Sarita passes, stoops

to find a mango squashed and left to rot

which she carries to the river

to eat what she may of it

flinging the stringy seed into the Rimac

whose swift awful currents

would tear her limb from limb

if she fell in but on the very edge

she lifts her arms in moonlight

and the sound of white splashing rocks

is wetting her with spray

as mountains rise off in the distance

dark as the night but clearly seen

because they hold no stars

like the vast sky behind them.


“O black horizon, won’t you speak?

Who are you, ancient Andes, reclined in sleep

piercing the sky with your heads and sharp hips?
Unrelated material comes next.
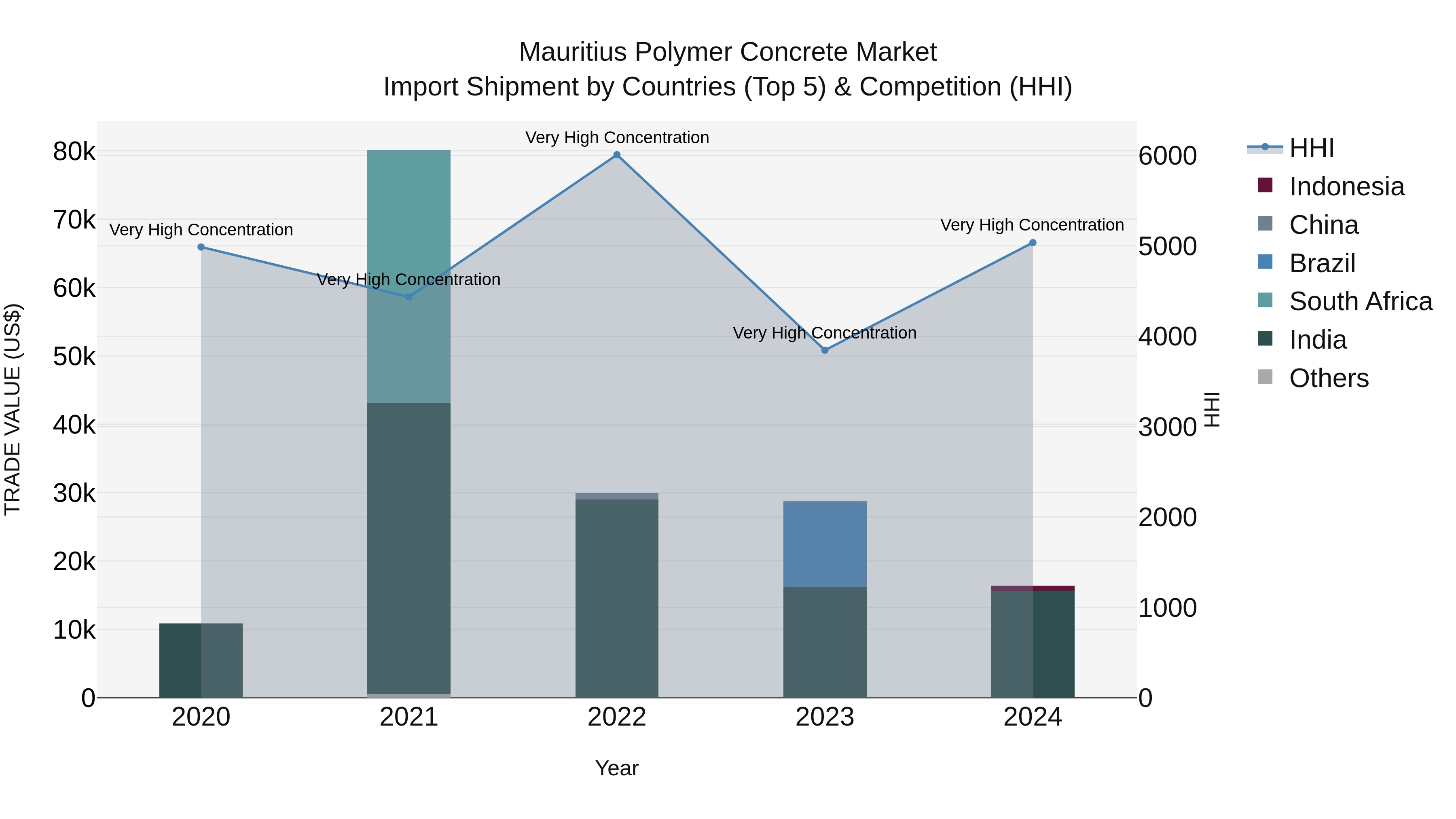 Mauritius Polymer Concrete Market Top 5 Importing Countries and Market Competition (HHI) Analysis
Wake, wake,” she sings and then

drinks from the pissful river

washes her hands and hops a ride to Lima

to stand in Plaza San Martin as the sun is rising

telling passing people nothing really matters

but people walk they do not listen

so to show them what she means

she takes off her shift

a simple movement of white cloth

a muddy bed sheet sewn together

with the leather that was left

from many hours of making purses

that she sold to tourist ladies

who stepped out of taxis into barred hotels.
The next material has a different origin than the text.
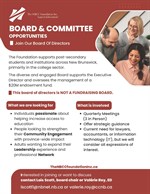 2025 Board Recruitment Recrutement EN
But of the eyes and mouths

the laughter that is fear that gathers

bringing policemen, priest and obscene calls

of all of that she tells me later

when alone and barefooted I meet her in Chosica

beneath the pepper tree Mina

once told me was her dead drunkard father.


And she comes soft and pretty as a flower

with an aura and a calmness all about her.

She laughs and says, “We’ll have to share

our blankets; the night’s cold.”

While Inti squats to burn my volume of Neruda

there in the dust she draws a line

with her finger there between us.

“The choice isn’t yours but mine,” she says,

“if I want to cross this.”

And then she stands, touches my hand.